Bank of Tokyo-Mitsubishi UFJ opened its branch in Yangon on April 22, with an initial capital investment of US$100 million, while SMBC, investing $200m, and Singapore’s Oversea-Chinese Banking Corp chose to open yesterday, considered an auspicious day in the Myanmar calendar.

Mr Minoura said he looked forward to further deregulation by the Central Bank and stressed that his priority, once permitted, would be to lend to infrastructure projects such as ports and power plants that required substantial amounts of capital which local banks could not raise.

“We see this country as full of treasure,” he said, referring to Myanmar’s rich natural resources and strategic location, “but closed for decades.” He said he hoped that changes in Central Bank regulations would allow SMBC to take part in project financing with Myanmar partners in the near future.

U Nyo Myint, senior managing director of KBZ Group – an extensive conglomerate which also includes insurance, hotels, construction, two airlines, healthcare and agriculture projects – did not rule out a possible capital injection from SMBC in return for an equity stake. But he also stressed that the bank’s partnership with SMBC was not exclusive.

“This is not an exclusive arrangement. We remain on good terms with other banks. No bank can stand alone,” he said. “But some are closer than others,” he added, noting that SMBC had chosen to base its branch in Yangon’s prestigious Strand Square business complex that KBZ had developed on a lease from the government.

He pointed out that Central Bank regulations did not yet permit foreign banks to acquire interests in Myanmar banks. “We are moving step by step. We are in a very initial stage,” he said.

Both bankers stressed the need for technology transfer from foreign to Myanmar lenders.

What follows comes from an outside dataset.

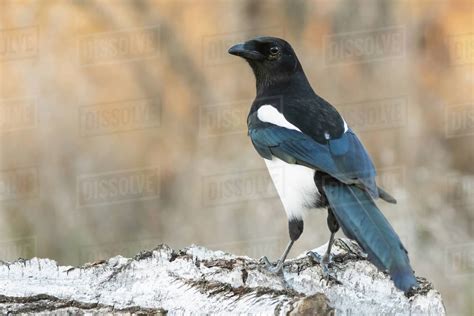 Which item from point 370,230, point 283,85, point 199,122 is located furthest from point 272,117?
point 199,122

A Myanmar FinScope survey in 2013 found that only some 5pc of people held a bank account. Mr Minoura noted that most Myanmar workers would withdraw their entire salary in cash each month as they lacked the means to make payments electronically, although this situation was starting to change rapidly. Mobile payments are in their infancy, although KBZ has already entered this new sector.

U Nyo Myint said KBZ had a market share of about 40pc with over 300 branches, compared to its nearest rival, the Cooperative Bank, with about 200 branches.

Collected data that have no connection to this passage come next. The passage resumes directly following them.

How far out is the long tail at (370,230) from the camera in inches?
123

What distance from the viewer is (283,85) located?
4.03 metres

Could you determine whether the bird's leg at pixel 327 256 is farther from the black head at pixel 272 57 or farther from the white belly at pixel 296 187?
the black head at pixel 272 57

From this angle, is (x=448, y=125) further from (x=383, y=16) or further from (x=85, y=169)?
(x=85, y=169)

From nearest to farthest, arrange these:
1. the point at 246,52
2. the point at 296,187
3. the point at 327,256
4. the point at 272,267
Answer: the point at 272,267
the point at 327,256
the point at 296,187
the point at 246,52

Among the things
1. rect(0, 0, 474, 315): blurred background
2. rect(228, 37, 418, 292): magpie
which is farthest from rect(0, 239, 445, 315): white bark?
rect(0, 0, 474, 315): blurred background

Mr Minoura said the rapid development of mobile banking in Myanmar could “shrink the banking history of the last 40 years in Japan to as little as five years here”. But he predicted that the expansion of local bank branches would continue in rural areas for the next few years.

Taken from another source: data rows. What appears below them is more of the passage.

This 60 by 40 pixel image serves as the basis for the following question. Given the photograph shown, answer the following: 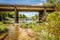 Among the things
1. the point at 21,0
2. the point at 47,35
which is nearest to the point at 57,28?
the point at 47,35

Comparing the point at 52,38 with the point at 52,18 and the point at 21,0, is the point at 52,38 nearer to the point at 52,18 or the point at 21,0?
the point at 52,18

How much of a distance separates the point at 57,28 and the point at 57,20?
24 cm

“Our goal is to introduce cell-phone payments systems in this country so that people will keep their money in their current accounts in the bank,” he added.

Japan’s Mizuho Bank is also expected to open for business in Yangon, giving Japan’s top three lenders a foothold in what is regarded as frontier territory, and representing a success for Prime Minister Shinzo Abe, who has focused on developing Japan’s financial presence in Southeast Asia.

“I do believe that strengthened collaboration among domestic banks in Myanmar and banks of Japan will cultivate investment promotion and ultimately the economic development of Myanmar,” U Kyaw Kyaw Maung, Central Bank governor, said on April 22.

“We saw this as a chance that comes only every 10 or 20 years,” Mr Minoura said of SMBC’s decision to establish a presence in Myanmar. “We did not want to miss this chance,” he said, expressing confidence that elections later this year – however unpredictable the results – would not change the current reformist trend.